→ **EXERCISE**: Keep the pictures out of your copy. Transcribe the records below exactly.

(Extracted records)
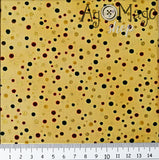 Magic Christmas - Stof - 4597-211.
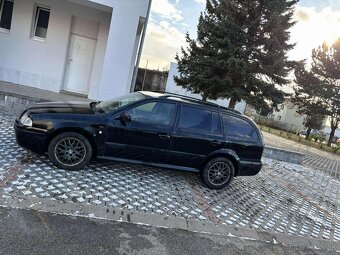 Škoda Octavia 1 1.9Tdi 81Kw Elegance - 3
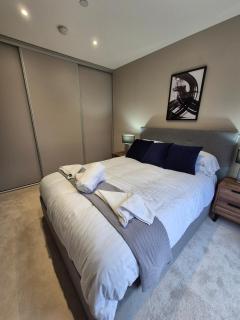 23 Lux stylish 2 bed 2 bath with balcony NEC n12 - Birmingham - 8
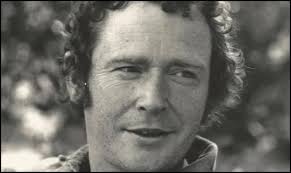 Cecil Vieweg, Pat Owen and David Larkin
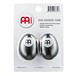 Meinl Egg Shakers, Black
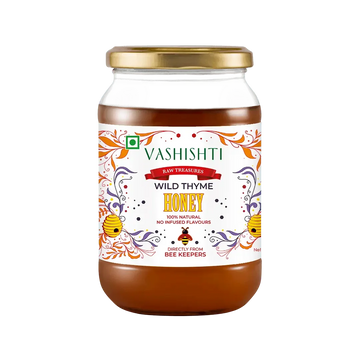 Natural honey at the best price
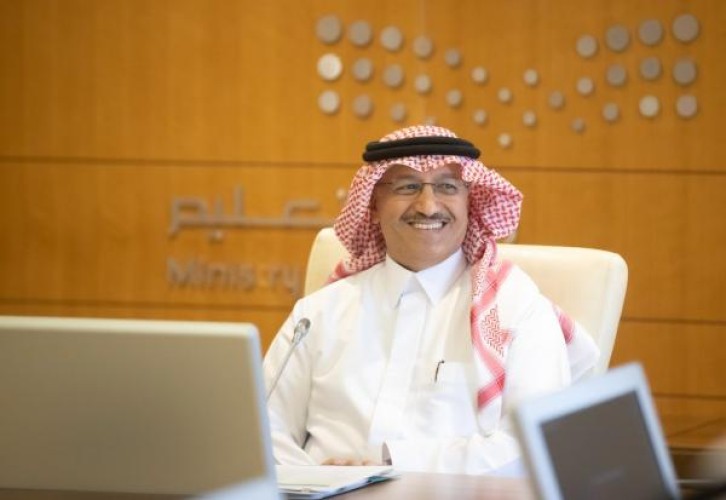 وزير التعليم يحسم موعد خروج المعلمين والمعلمات: بنهاية اليوم الدراسي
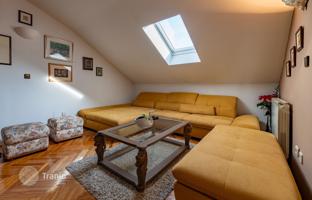 4-room apartment 105 m² in City of Zagreb for 420,000 €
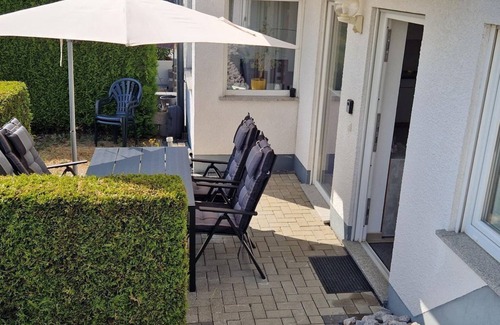 Hachenburg Apartment | Apartment Philosophenweg - 2-bed apartment
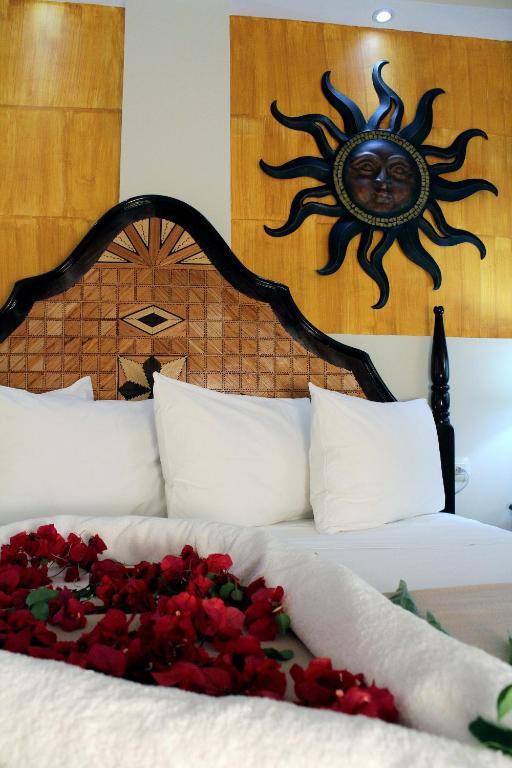 Hotel Tulum Inn Riviera Maya Cameră foto
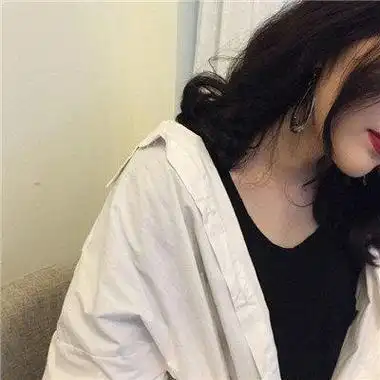 qq头像女生小清新超拽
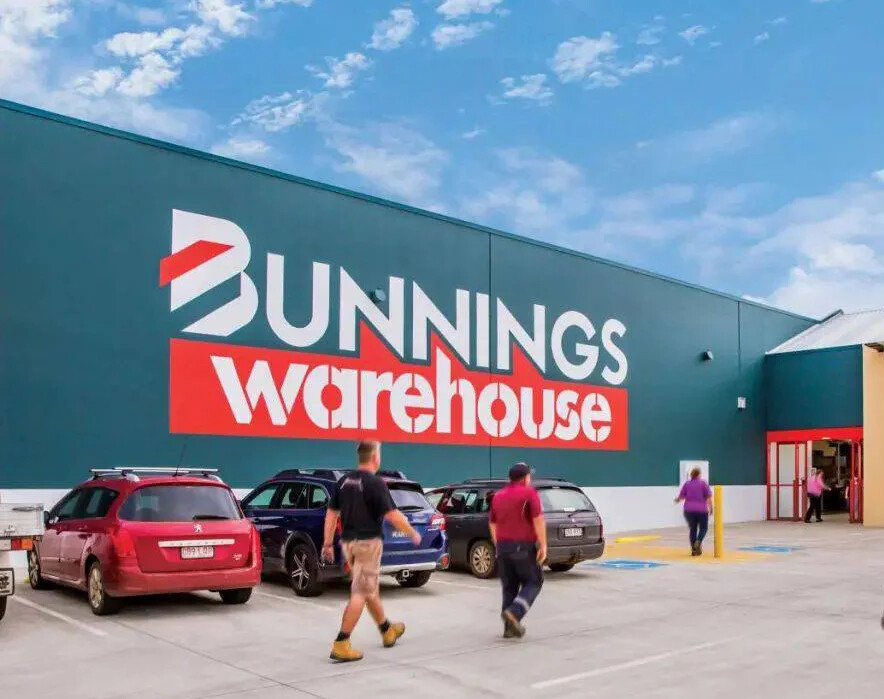 We Are Developing a New Project of Freebie Toys With Bunnings We Are Developing a New Project of Freebie Toys With Bunnings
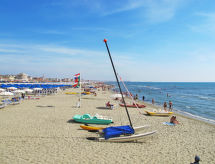 Appartement Casa Lido mare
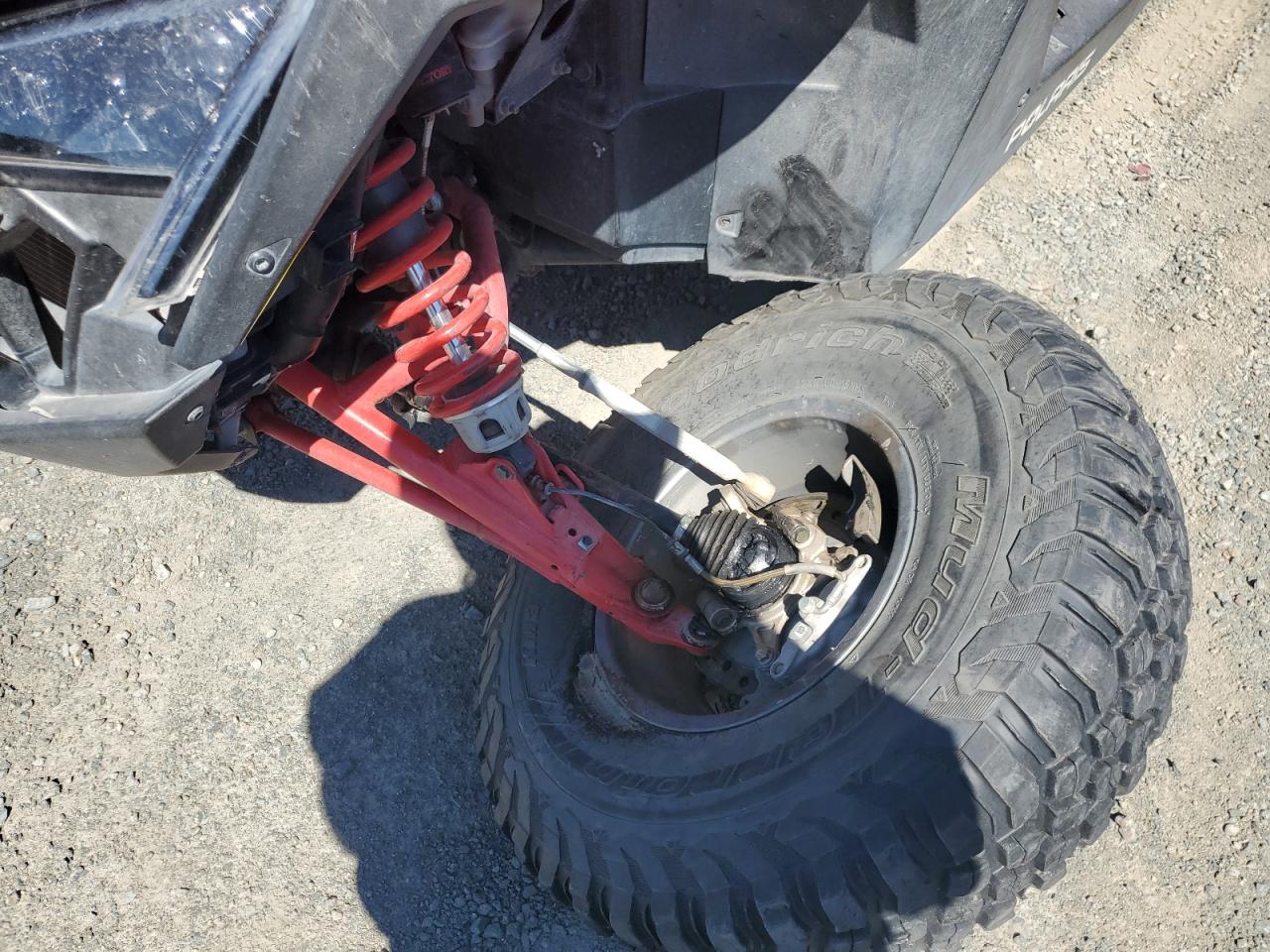 2020 Polaris Rzr Pro Xp 4 Ultimate VIN: 3NSR4D920LG825896 Lot: 80725915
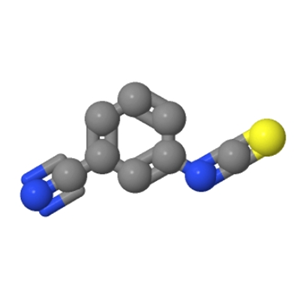 3-氰基苯基异硫氰酸酯 3125-78-8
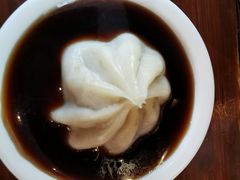 -小园春民间小吃铺(江宁黄金海岸店)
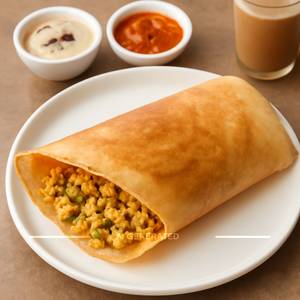 Paneer Dosa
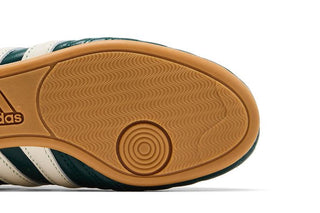 adidas Taekwondo 'Collegiate Green'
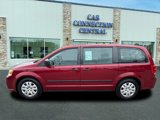 Used 2016 Dodge Grand Caravan American Value Package image 2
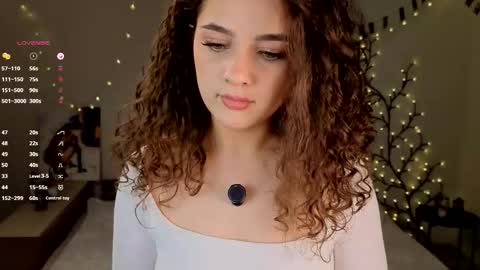 jenny_rossex online show from March 18, 2026, 7:39 pm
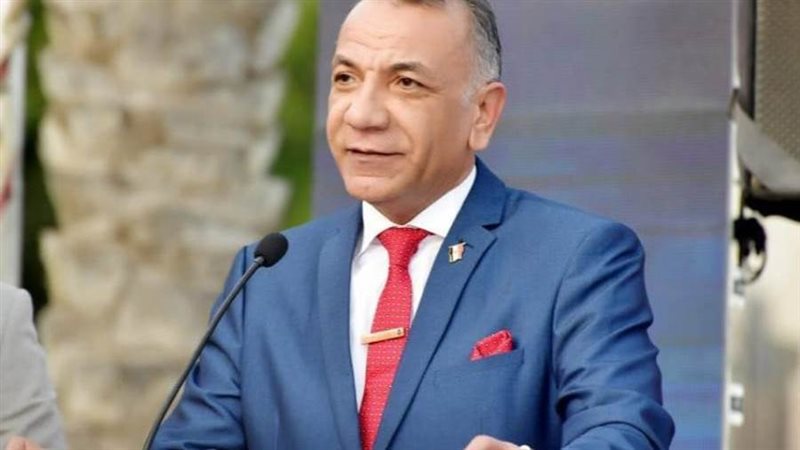 د. إيهاب هيكل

→ **THE ANSWER**:
 Magic Christmas - Stof - 4597-211.
 Škoda Octavia 1 1.9Tdi 81Kw Elegance - 3
 23 Lux stylish 2 bed 2 bath with balcony NEC n12 - Birmingham - 8
 Cecil Vieweg, Pat Owen and David Larkin
 Meinl Egg Shakers, Black
 Natural honey at the best price
 وزير التعليم يحسم موعد خروج المعلمين والمعلمات: بنهاية اليوم الدراسي
 4-room apartment 105 m² in City of Zagreb for 420,000 €
 Hachenburg Apartment | Apartment Philosophenweg - 2-bed apartment
 Hotel Tulum Inn Riviera Maya Cameră foto
 qq头像女生小清新超拽
 We Are Developing a New Project of Freebie Toys With Bunnings We Are Developing a New Project of Freebie Toys With Bunnings
 Appartement Casa Lido mare
 2020 Polaris Rzr Pro Xp 4 Ultimate VIN: 3NSR4D920LG825896 Lot: 80725915
 3-氰基苯基异硫氰酸酯 3125-78-8
 -小园春民间小吃铺(江宁黄金海岸店)
 Paneer Dosa
 adidas Taekwondo 'Collegiate Green'
 Used 2016 Dodge Grand Caravan American Value Package image 2
 jenny_rossex online show from March 18, 2026, 7:39 pm
 د. إيهاب هيكل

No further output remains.